Here's my question. Or more like feeling everyone out on what they may think or do in this situation. I read in a magazine last week (I think it was Health or maybe Fitness) that something good to do would be to apply whatever serum you use before you start working out. This one person said that she noticed her skin seemed to react better to it that way and it sounds like a great idea but here's what I've wondered. Do any of you wash your face before you work out or wait and wash after you finish? I generally don't go to the gym til I get off of work, around 4:00 and I always make sure I work enough that I sweat.
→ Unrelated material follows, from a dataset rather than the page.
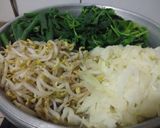 Foto langkah ke 1 dari resep Pecel bumbu jadi.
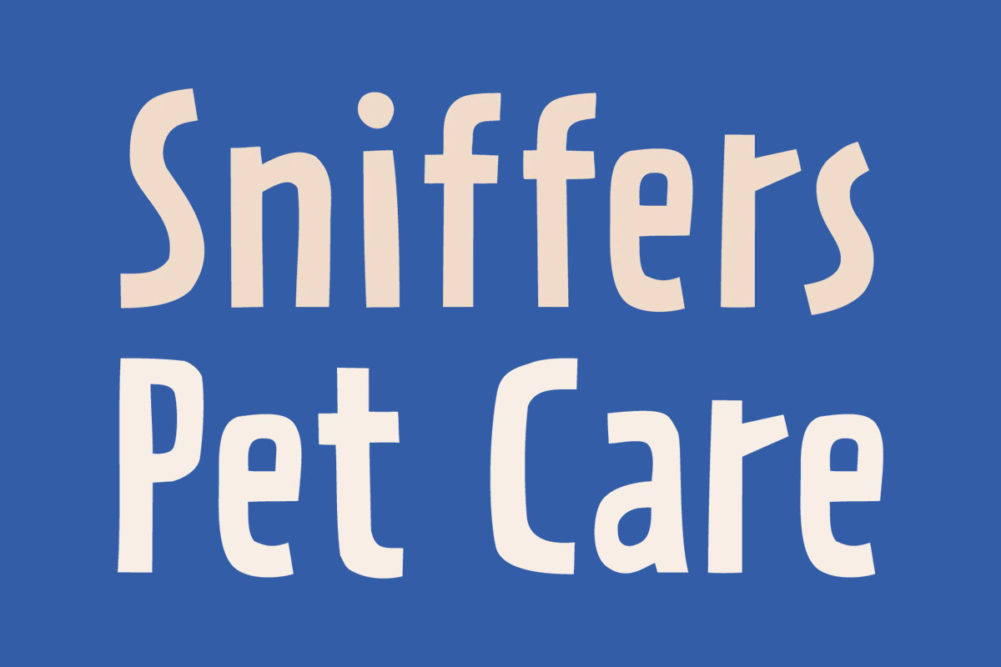 Sniffers Pet Care partners with university to launch new brand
I think it'd probably be better for my skin if I washed my face or used a cleansing wipe before getting all sweaty but then I'm worried that when I wash up afterwards it might be too much for my skin. Make sense? What do you ladies do?


----------



## Candlecove (Sep 6, 2011)

I like to break a good sweat when I'm working out  If I wear makeup, I'll remove it with a wipe before hitting the gym, and then do a regular wash afterwards. I can't say anything about serums working better if applied before workout as I haven't tried, but I think I would just sweat it all off.


----------



## amoona (Sep 6, 2011)

If I'm wearing make-up before I hit the gym I always wash my face off before as well as after my workout. If I don't have any make-up on then I don't bother. The only thing I ever put on before going to the gym is facial moisturizer.


----------